## WORK TO COMPLETE
From the first line to the last, restate the material word for word, omitting pictures.

## DATA SEGMENT
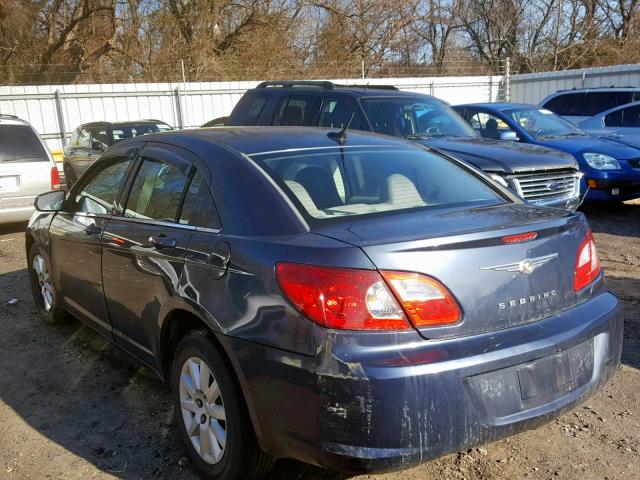 1C3LC46J08N152665 - 2008 CHRYSLER SEBRING LX BLUE photo 3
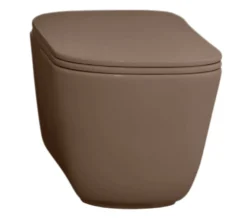 WC-istuin Kerasan Tribeca Rimless 5118 lattiamalli S/P-lukko matta eri värejä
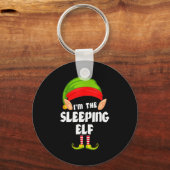 Funny Sleeng Elf Matching Family Group Pj Christma キーホルダー (正面)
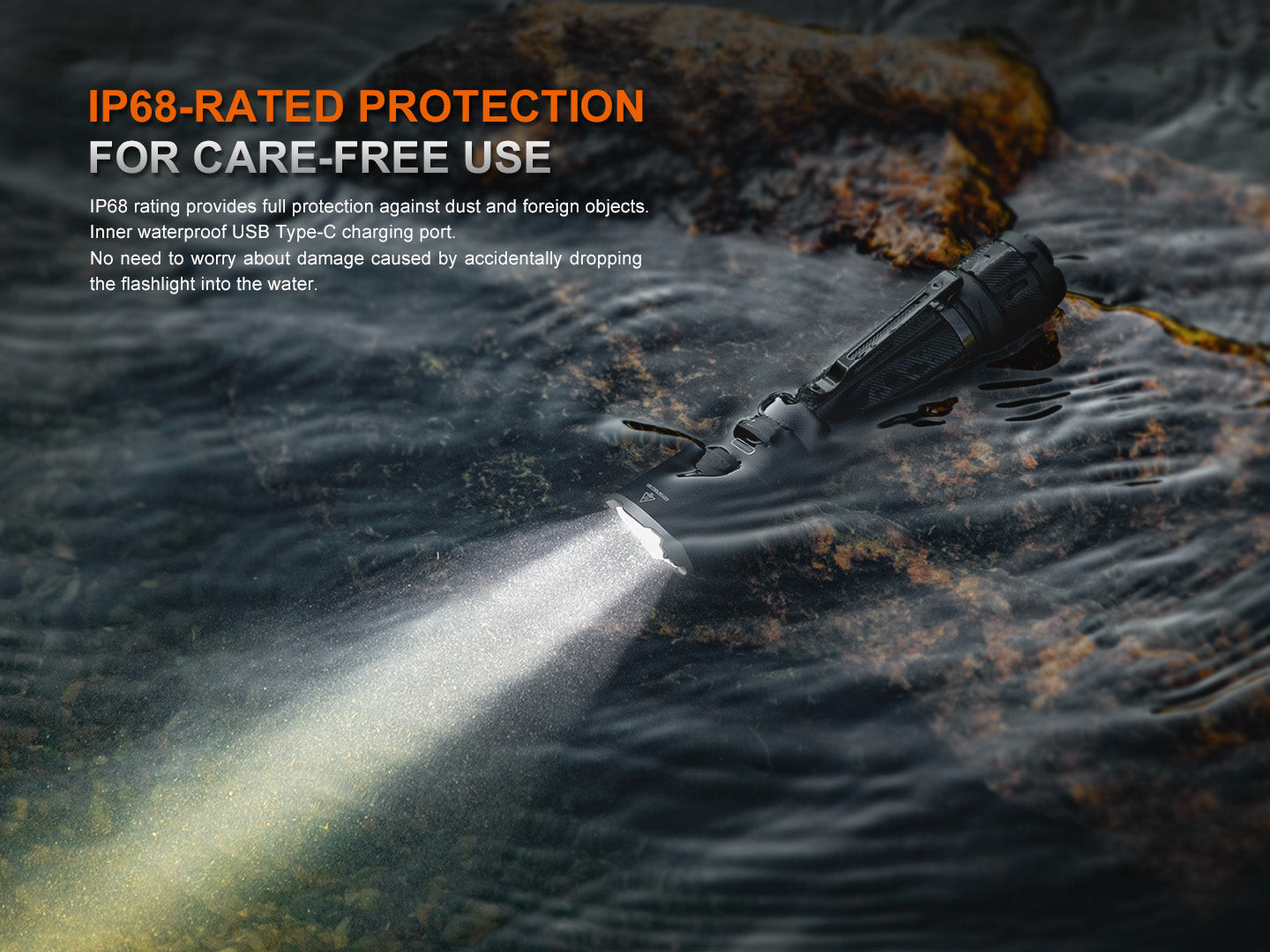 Fenix TK21R 3600 Lumen Rechargeable Tactical Flashlight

## SOLUTION FOR THIS PROBLEM
 1C3LC46J08N152665 - 2008 CHRYSLER SEBRING LX BLUE photo 3
 WC-istuin Kerasan Tribeca Rimless 5118 lattiamalli S/P-lukko matta eri värejä
 Funny Sleeng Elf Matching Family Group Pj Christma キーホルダー (正面)
 Fenix TK21R 3600 Lumen Rechargeable Tactical Flashlight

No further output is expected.